As I stepped outside this morning to gauge the temperature my senses were assaulted by the sounds of hundreds of birds singing joy from the Shadow Wood. One perched nearby seemed to be proclaiming, “hello, hellooooo!” as the geese glided gracefully across the pond. A chilly early spring breeze blew strong, threatening to topple the potted plants I had just placed on the side porch to reintroduce them to the outdoors once again after spending winter inside.
Sometimes I pinch myself. I can’t believe I live here.
It’s been eight months since we moved to Arundelle Green, so this is our first experience with Spring on these eight acres. I was working in the goat pens just yesterday, preparing shelters for our doelings and buckling who will come home soon, and noticed the tree that was lucky enough to be enclosed within the fencing is loaded with buds.

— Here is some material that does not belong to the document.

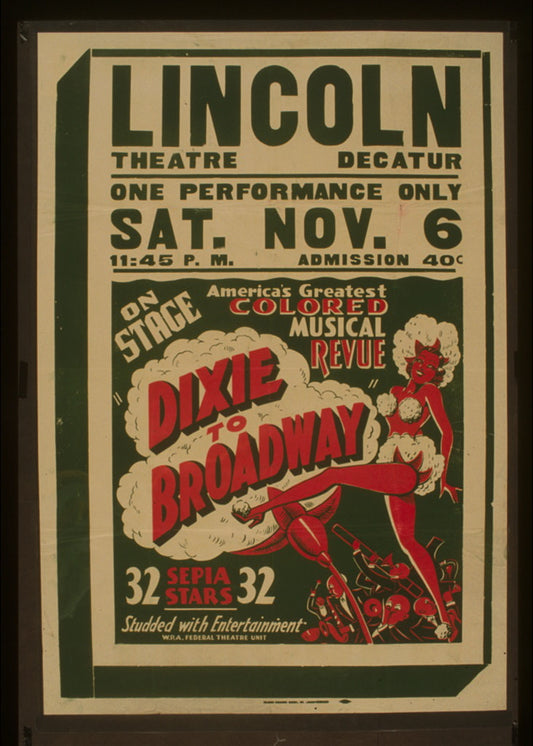 A picture of On stage America's greatest colored musical revue "Dixie to Broadway"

From what I can see, it looks like the flowers will be white.
I have been consumed with preparations for the mini-farm we are building. It has been a true source of joy to wield power tools as I built a simple three-sided shelter and converted a dog kennel into a safe nighttime haven to protect our kids from coyotes. We are also on the hunt for a Great Pyrenees mix to grow up alongside the goats as their friend and protector, and plans for the chicken coop are coming along.
With the completion of the Library my attention has turned to organizing my office. It is kind of a mess right now! There are so many random things in baskets that I don’t even know half of what is in there. I’ll probably be tossing a lot of unused and unneeded items, which will leave some shelves empty. And that’s ok. White space is healthy.
Speaking of white space…
Life at home has been incredibly busy and my days are full, which made me realize I need to simplify. Pull back. Focus on what is at my fingertips and do that well. So I did and I am. I had spent the past few months overcommitted and stretched thin. I struggled to sleep and struggled even more to focus and enjoy something as routine as a movie night with my family because the lists running through my mind were relentless. So I tore up some lists, quit a few things that were good but not best for me in this season, and intentionally created margin where I had none, space for quiet because I need to hear the whisper of God and snuggle my teenagers.

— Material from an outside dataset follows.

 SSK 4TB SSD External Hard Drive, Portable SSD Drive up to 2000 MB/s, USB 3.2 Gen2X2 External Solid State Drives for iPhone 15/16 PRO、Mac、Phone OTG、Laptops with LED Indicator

Just in time, too, for all around us Creation is putting on a spectacular show. The daffodils are in full bloom and I have been picking up potted flowers here and there to fill my side porch with color.
A mama goose is heavy with eggs and her mate stays faithfully with her, awaiting their tiny arrivals even when the rest of the flock is soaring high above. Sunsets have been spectacular, creating a golden hour that is magical.

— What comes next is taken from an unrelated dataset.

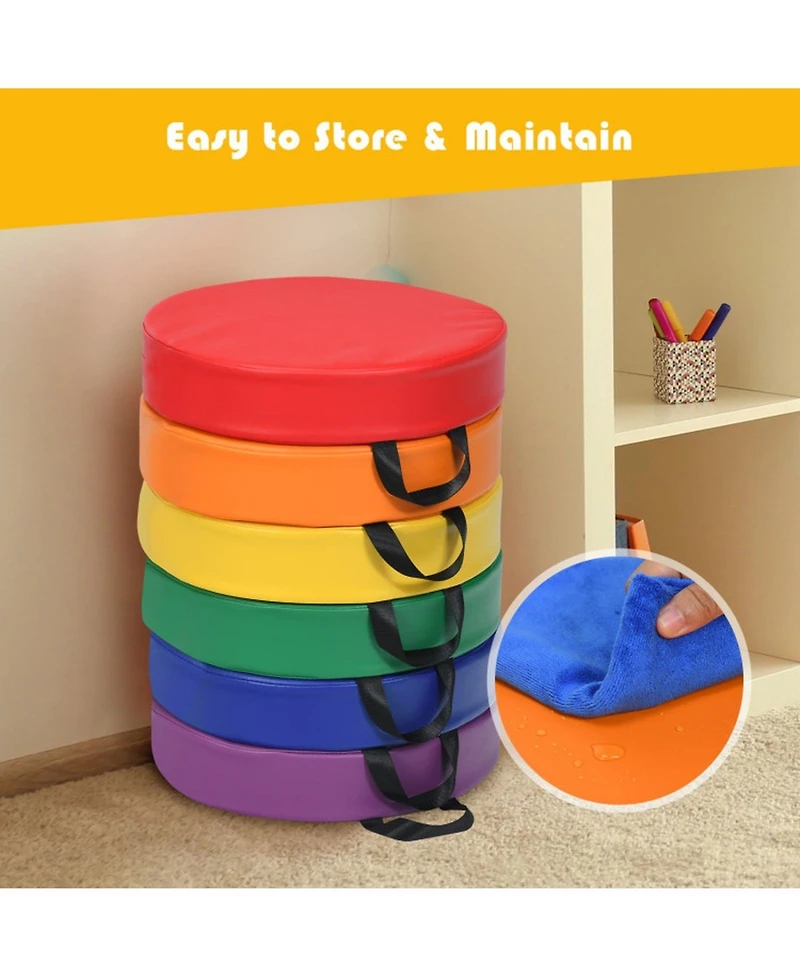 Gouun Toddler 6 Pack 15 Inch Round Floor Cushions Set for Daycare and Playroom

The Shadow Wood, bare from winter, is beginning to come alive with green.
Soon, the roses will be blooming and vegetables will fill my gardens. In all these things, God speaks to me. He reminds me of the patterns of life that have been in place long before I was even born. The repetition of the seasons, the predictability of a dogwood blooming, seedlings emerging from prepared soil, echo His faithfulness and care.
I don’t want to miss any of this, and in my busyness I was becoming fearful that I would. I needed to take time to slow down and see what is right in front of me, the beauty of Creation coming alive to declare the glory of the Creator. Busyness makes me blind. Lack of margin leaves me exhausted. He says to be still, and if we are wise we will heed those words.
For in the stillness there is a breeze blowing, cattle lowing in the distance and the sound of water bubbling along the creek as the farmer down the road drops a fresh bale of hay among his flock of hungry goats. The cardinals are visiting the feeders once again and the blue heron just landed silently along the waters edge.
Beauty abounds if only we will stop and allow our senses to take it in. Spring is arriving in all it’s glory here, at Arundelle Green.